Gold and silver are not ideal forms of money in today’s world. Transfer and custody are too cumbersome and expensive.

So while precious metals are a fine way to preserve wealth, I don’t think the next monetary system will be based on them.

Cryptocurrency offers a better solution. A properly designed system, like bitcoin, cannot be counterfeited or cheated. It can be easily transferred from peer to peer – without middlemen.

You know all of this, so I won’t belabor the point.

This is how I believe crypto wins. It won’t be pretty, but as early cryptocurrency adopters, we should at least be less affected by this chain of events than those who don’t hold any.

It’s the clearest example of an “asymmetric” trade that I’ve ever seen.

The upside is nearly unlimited – and the downside is capped at the level of your investment.

disappointing buffett

The Most Absurd Things I Heard This Month

Every month I hear some truly absurd things. Things that make so little sense, they just boggle the mind!

I usually say something to the person sitting closest to me – typically my co-founder Adam. (He’s pretty good about listening to my rants.)

But the more I think about it, the more I realize the world should know about this crazy stuff out there that’s masquerading as “facts” and “informed” thought.

So welcome to our new First Stage Investor newsletter feature: The Most Absurd Things I Heard This Month. And this month’s bunch is a doozy.

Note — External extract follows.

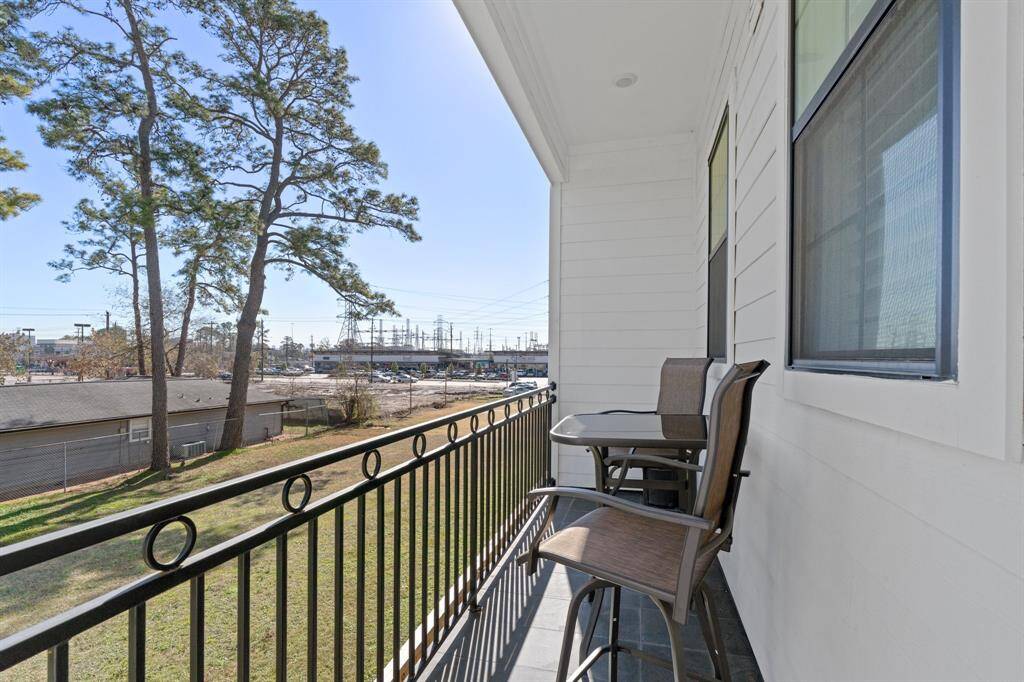 The second floor covered balcony offers private, serene views of the green space behind this home.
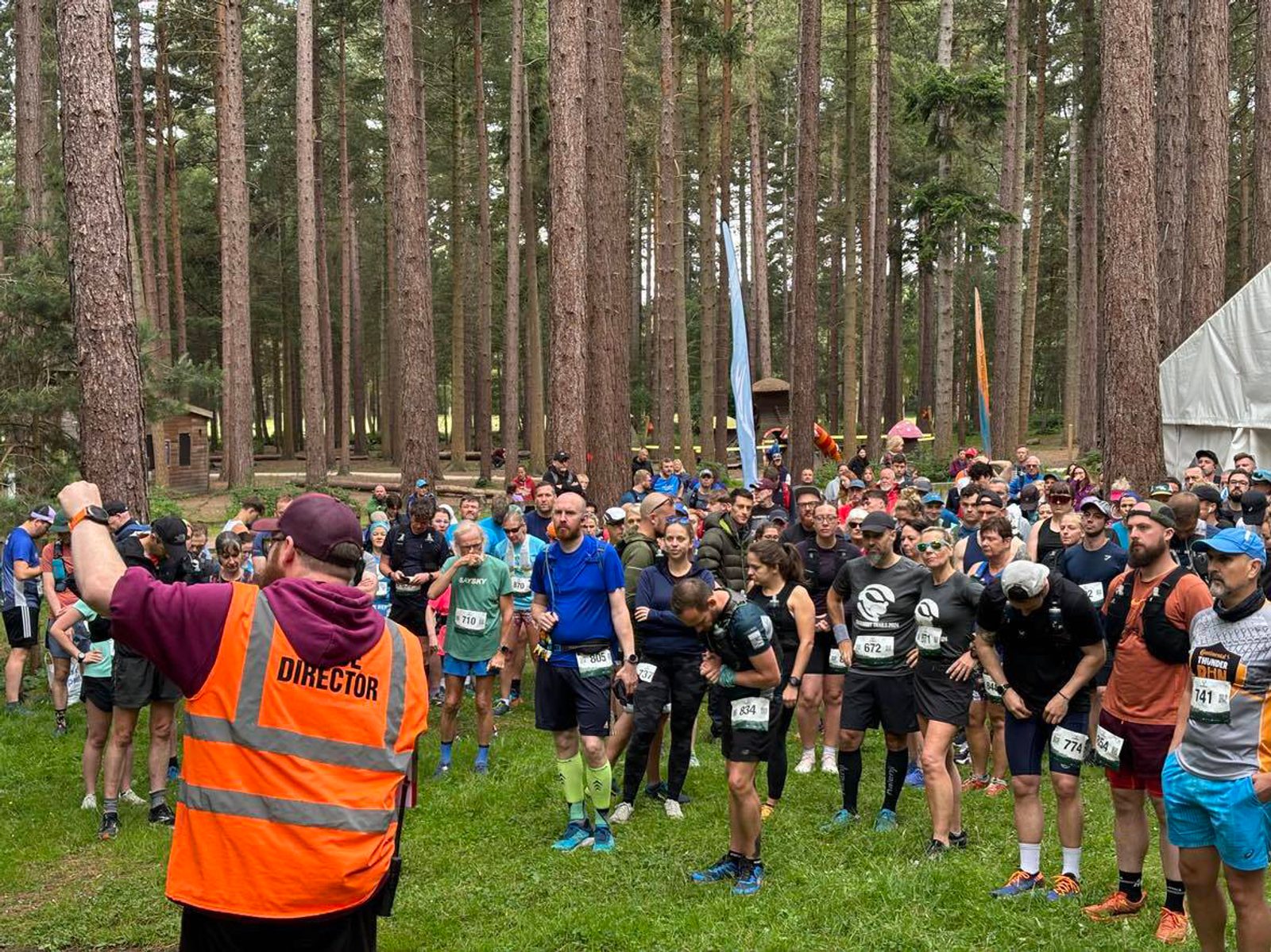 A person wearing an orange vest with "Director" written on the back addresses a large group of runners gathered at a start line in a forest. The runners are wearing bibs with numbers and appear ready to start a race. Tall trees surround the clearing.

Berkshire Hathaway CEO Warren Buffett told CNBC that bitcoin is “probably rat poison squared.”

Berkshire Hathaway Vice Chairman Charlie Munger told Yahoo that profiting from bitcoin was almost as bad as making money by “trading freshly harvested baby brains.”

“Would you do it?” Munger added.

Buffett will go down as one of the greatest investors of the 20th century.

Lucky for him, his clueless remarks about bitcoin in 2018 will not tarnish that legacy.

And for that I’m grateful.

I’ve held Warren Buffett and his longtime partner and gifted investor, Charlie Munger, in high regard for, well, forever, it seems.

One of my favorite yearly rituals is reading Buffett’s annual letter to shareholders.

His views are so different and yet so sensible.

And he spares no one.

As he has not spared bitcoin.

But this time it feels different – really different.

And not just because “rat poison squared” lacks his usual acerbic wit.

But because it doesn’t come from a place of deep knowledge.

This happens so rarely, I’m shocked by it.

To his credit, Buffett fully understands what bitcoin is not…

It’s NOT something you can touch or feel.

It’s NOT something with a proven track record of growth.

It’s NOT capital efficient. (At seven transactions per second, it’s the opposite.)

Those are serious sins. Perhaps the most serious is bitcoin has no clearly defined function. (Store of value? Payments mechanism? Alternate currency? Data storage?) And except for miners, it hasn’t generated profits.

What a strange beast this must be, in Buffett’s eyes.

He’s unable to reach into his traditional arsenal of metrics to determine if bitcoin is undervalued or overvalued.

I’m not even going to guess at what’s chafing Munger.

Adam says Buffett is protecting his own assets as a major “big bank” owner of Wells Fargo. I’m not sure that’s it.

Buffett has always considered himself the ultimate honest broker who cuts through all the BS and speaks the truth.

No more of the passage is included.